By Antwan Wilson | Superintendent, Oakland Public Schools
The New York Times recently wrote an article about our efforts to improve public education: Oakland District at Heart of Drive to Transform Urban Schools. It has generated a lot of important feedback, and I wanted to take this opportunity to share my thoughts.
Motoko Rich, the Times’ lead education reporter, worked hard to understand our work. But it’s not easy to tell a complex story like Oakland’s in one newspaper story, and there were certainly opportunities missed to deepen the conversation. Several national and local authors felt that the article did not give voice to the mainly Black and Brown families that have been failed for decades under our system – even longer than the seven superintendents that preceded me over the last twenty years.
These parents and students are bearing the brunt of the inequities and lack of quality schools in Oakland’s public education system, and they have been for decades now. That needs to change. I know we can do better, and to do so we must both strengthen the programs that are working and bring in new schools to drive greater equity and serve our families better.
As I shared in an interview with Maya Pope-Chappell, the head of education publishing with LinkedIn and a female African American leader, I find that the polarization in the arguing – which is much of what has come in the wake of this national coverage – is distracting and harmful.
What we really need to focus on is quality and getting people access and equity. By moving away from arguing about district versus charter and moving toward giving all parents the same opportunities that more affluent parents have to determine where their children go to school, we put parents and families in the driver’s seat.
Rather than arguing, I’d like to work together to help some of our struggling schools implement the innovations many families have found so attractive in our successful charter schools. While working on a way to pay for extending the school day across Oakland schools, let’s make sure our students who most need more instructional time have a longer school day now.
I know firsthand what it’s like to be provided public education equity – rigorous instruction with high standards and quality supports. It helped make me who I am today. I also know what it’s like to be tracked toward failure and expected to arrive there. That made me feel angry and disillusioned at times. It’s this personal experience that led me to enter public education.
And it’s the unacceptable reality that too many of our children are still not getting a quality public education that drives me forth every day.

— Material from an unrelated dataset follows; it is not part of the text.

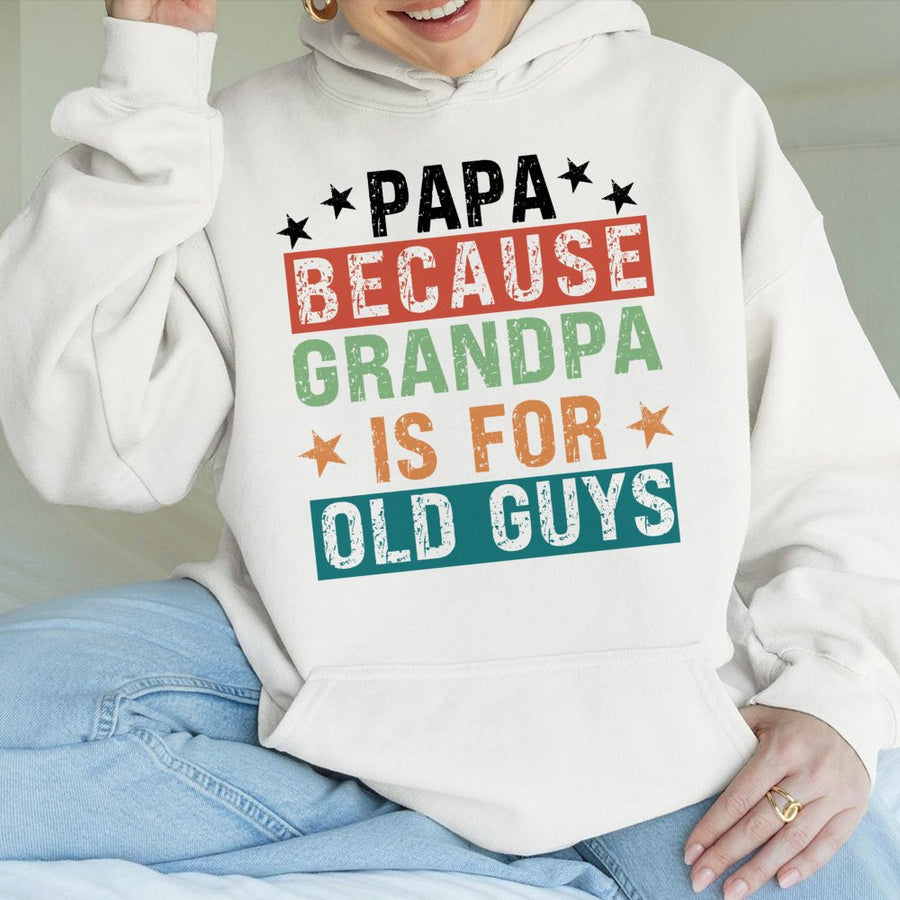 Papa Because Grandpa Is For Old Guys Hoodie | Funny New Dad Sweatshirt | Cotton Blend Premium Quality | Best Father's Day 2026 Gift for Men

I am not asking you to choose sides. I am here to offer more quality schools to our families and our kids. Now. That’s my “agenda.” Nothing more. I remain focused on our vision – Every Student Thrives!
And when I hear people say we should wait, slow down, or not move “too fast,” I think about what Rev. Dr. Martin Luther King Jr. said in his Letter from a Birmingham Jail; “For years now I have heard the word ‘wait’…This ‘wait’ has almost always meant ‘never.”
We moved quickly to increase salaries for our teachers to attract and retain the best front-line educators serving our children. We moved quickly to provide every teacher a laptop, and more to our children. We moved quickly to cut millions from district-office budgets to give more resources to schools.
We must continue to move with urgency to create a system of schools focused on educating all children well. Let’s cut through the supposed “agendas” and “sides” and all focus together on the lives of our children.